## Input records
-- Opening Marker --

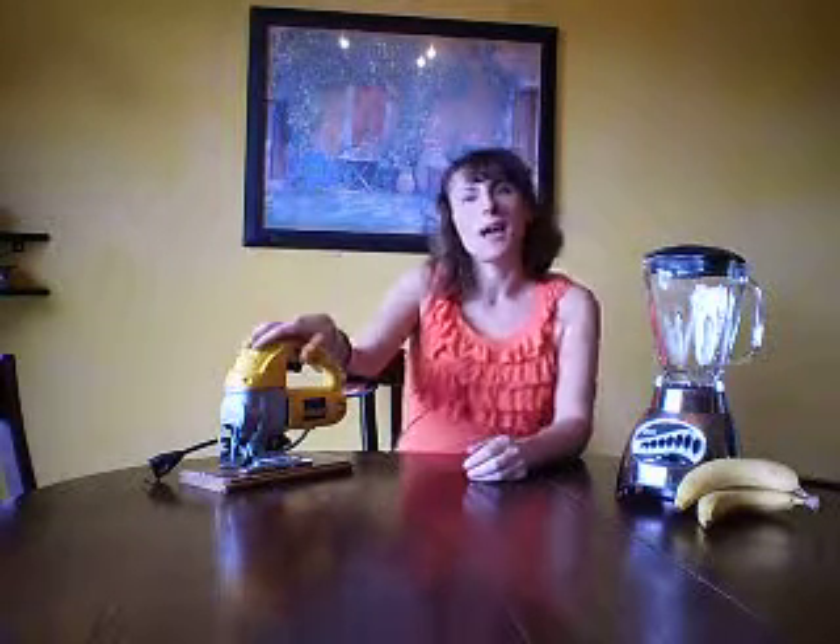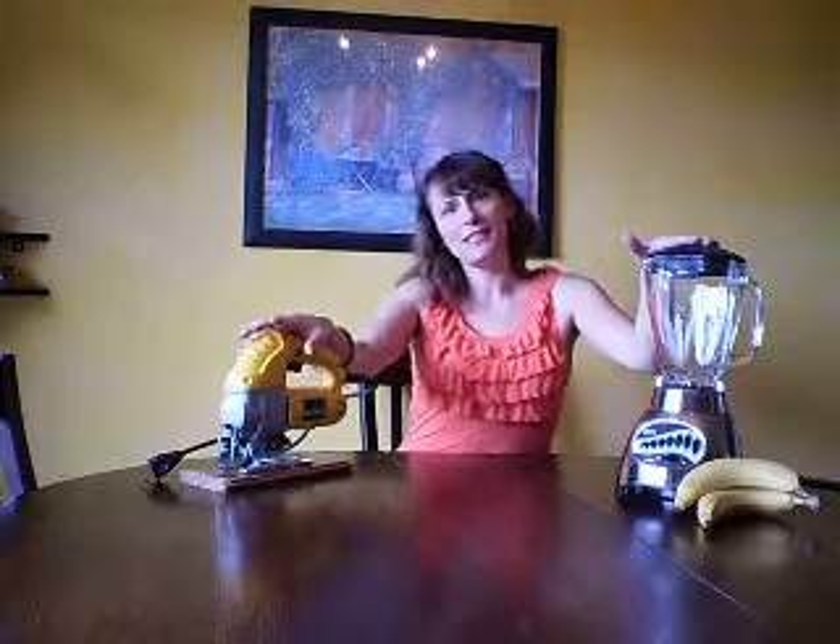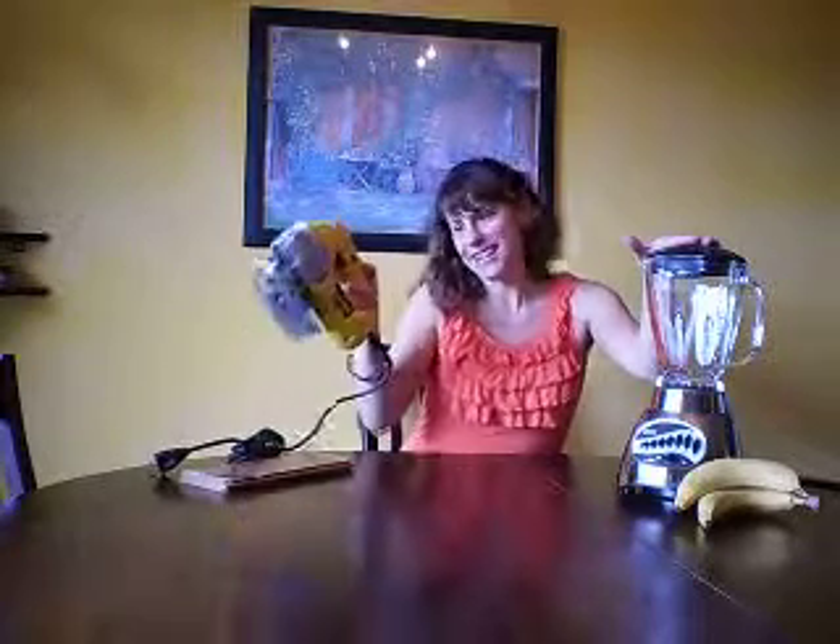We've become kind of a society that's far too dependent on paying for everything to be done. So my site is about teaching you how you can do all of these things for yourself. And it doesn't matter if you're a man or a woman, you can operate both the blender and the jigsaw.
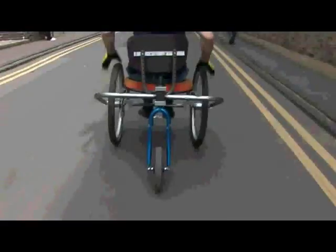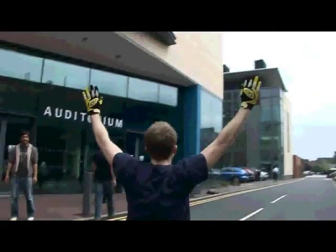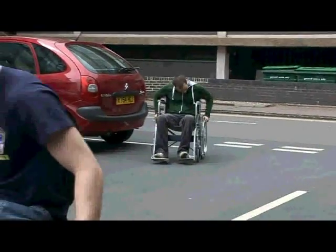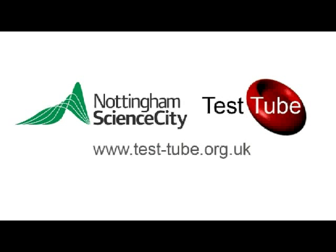How's it riding mate? It's good, it's good. It's got a nice ride. How's the other one doing? There we go! It's good — more time, more time.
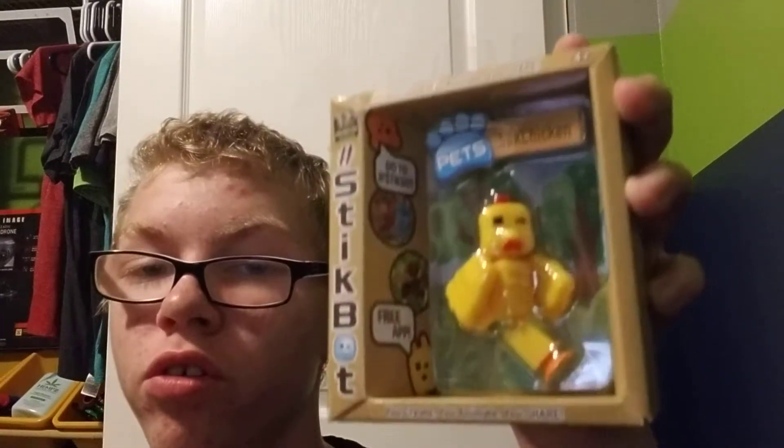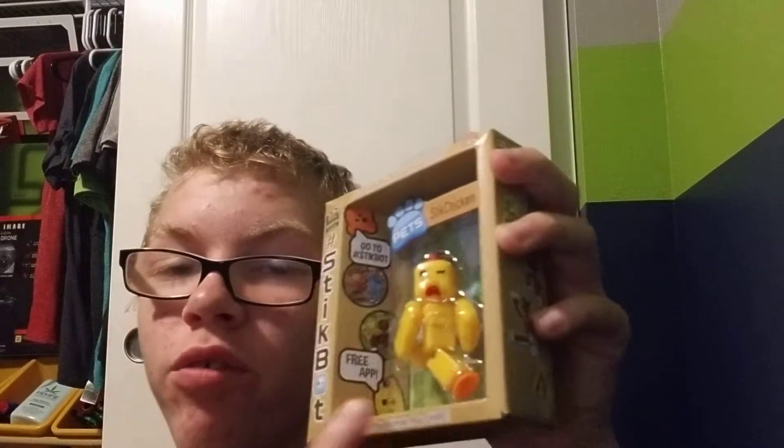What's going on everyone! Today we're gonna be doing something we haven't done in a long time. My mom and my dad got me a new stickbot, but the weird thing is it only has one foot. We're gonna unbox it, and yeah, let's get started.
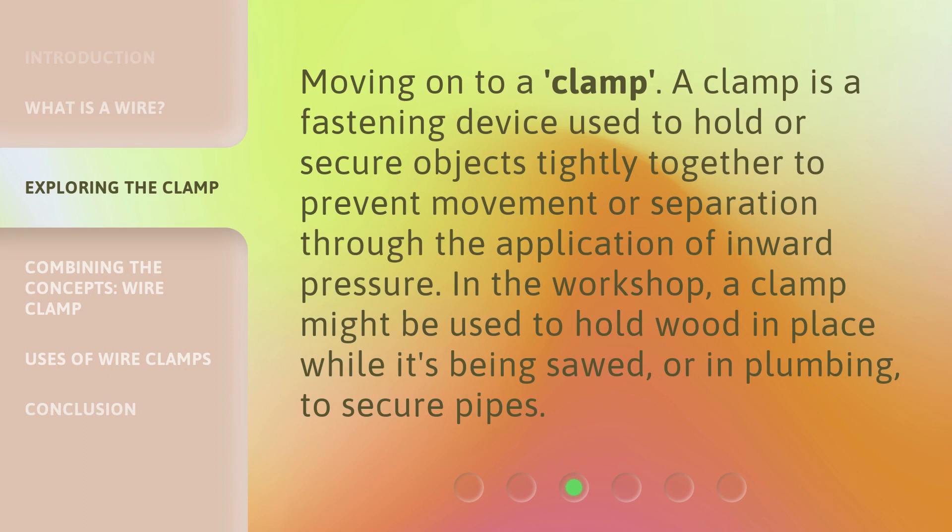Moving on to a clamp. A clamp is a fastening device used to hold or secure objects tightly together to prevent movement or separation through the application of inward pressure. In the workshop, a clamp might be used to hold wood in place while it's being sawed, or in plumbing, to secure pipes.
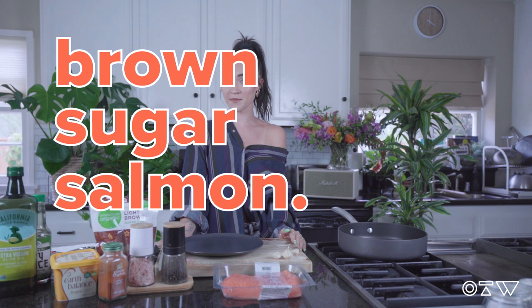Hey everyone, my name's Paige and welcome back to Bone Apple Tea. On today's episode, I'm going to show you how to make brown sugared salmon, not braised bohemian beef, in honor of Tyler, the Creator.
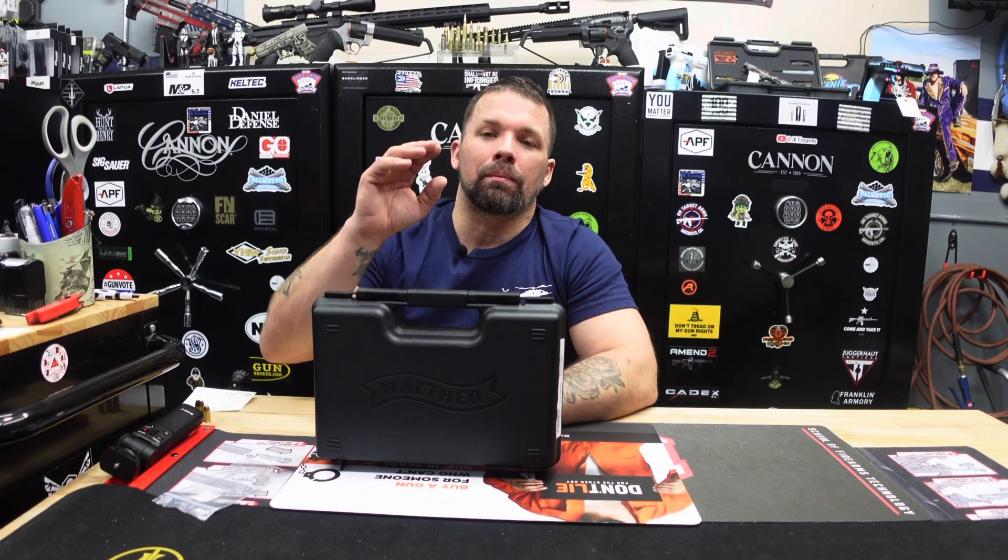Hey JK Farms Nation and YouTube, thanks for joining us. I am Jay with JK Firearms getting ready to do another product review, and also this is the official giveaway video of the firearm of the month. We are going to be giving this guy away over the next two weeks, so make sure you stay tuned to the very end to find out how to win.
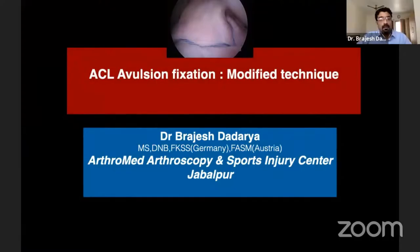Good morning to all, and thanks to the Nakkur Arthroscopy Society and Satish for this kind invitation. I'll be talking about my technique of ACL avulsion fixation.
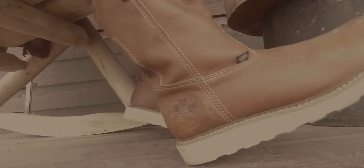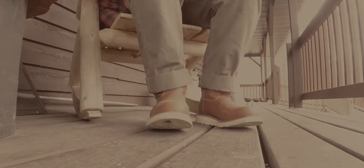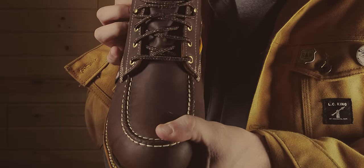First off, you're gonna want to ensure you have the right size. It'll go a long way in the comfort of your new boots. Right out of the box, we suggest a thumb's width at the toe of your new boot.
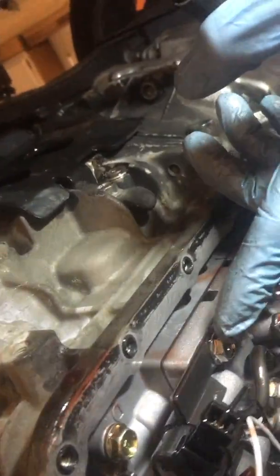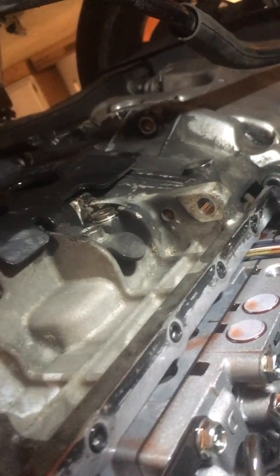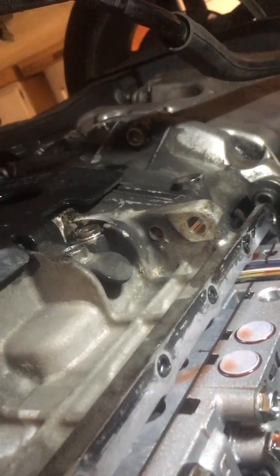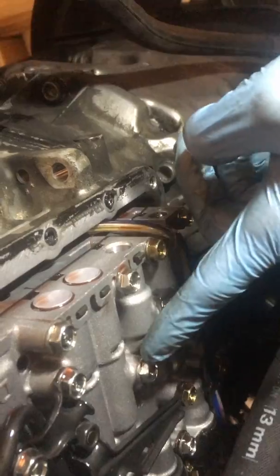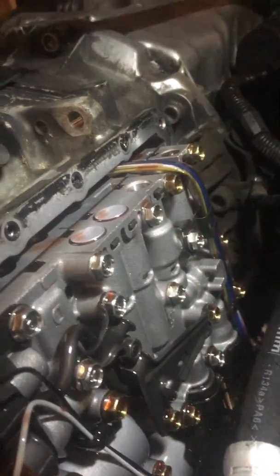Pointing those out now — that one, that one, that one, that one, that one, that one, that one. So seven on the bottom. They all look silver, not gold. Remove the seven silver ones, not the gold ones.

-- Closing Marker --

## Exercise
Reproduce every line above exactly as written, omitting the images.

## Task output
We've become kind of a society that's far too dependent on paying for everything to be done. So my site is about teaching you how you can do all of these things for yourself. And it doesn't matter if you're a man or a woman, you can operate both the blender and the jigsaw.
How's it riding mate? It's good, it's good. It's got a nice ride. How's the other one doing? There we go! It's good — more time, more time.
What's going on everyone! Today we're gonna be doing something we haven't done in a long time. My mom and my dad got me a new stickbot, but the weird thing is it only has one foot. We're gonna unbox it, and yeah, let's get started.
Moving on to a clamp. A clamp is a fastening device used to hold or secure objects tightly together to prevent movement or separation through the application of inward pressure. In the workshop, a clamp might be used to hold wood in place while it's being sawed, or in plumbing, to secure pipes.
Hey everyone, my name's Paige and welcome back to Bone Apple Tea. On today's episode, I'm going to show you how to make brown sugared salmon, not braised bohemian beef, in honor of Tyler, the Creator.
Hey JK Farms Nation and YouTube, thanks for joining us. I am Jay with JK Firearms getting ready to do another product review, and also this is the official giveaway video of the firearm of the month. We are going to be giving this guy away over the next two weeks, so make sure you stay tuned to the very end to find out how to win.
Good morning to all, and thanks to the Nakkur Arthroscopy Society and Satish for this kind invitation. I'll be talking about my technique of ACL avulsion fixation.
First off, you're gonna want to ensure you have the right size. It'll go a long way in the comfort of your new boots. Right out of the box, we suggest a thumb's width at the toe of your new boot.
Pointing those out now — that one, that one, that one, that one, that one, that one, that one. So seven on the bottom. They all look silver, not gold. Remove the seven silver ones, not the gold ones.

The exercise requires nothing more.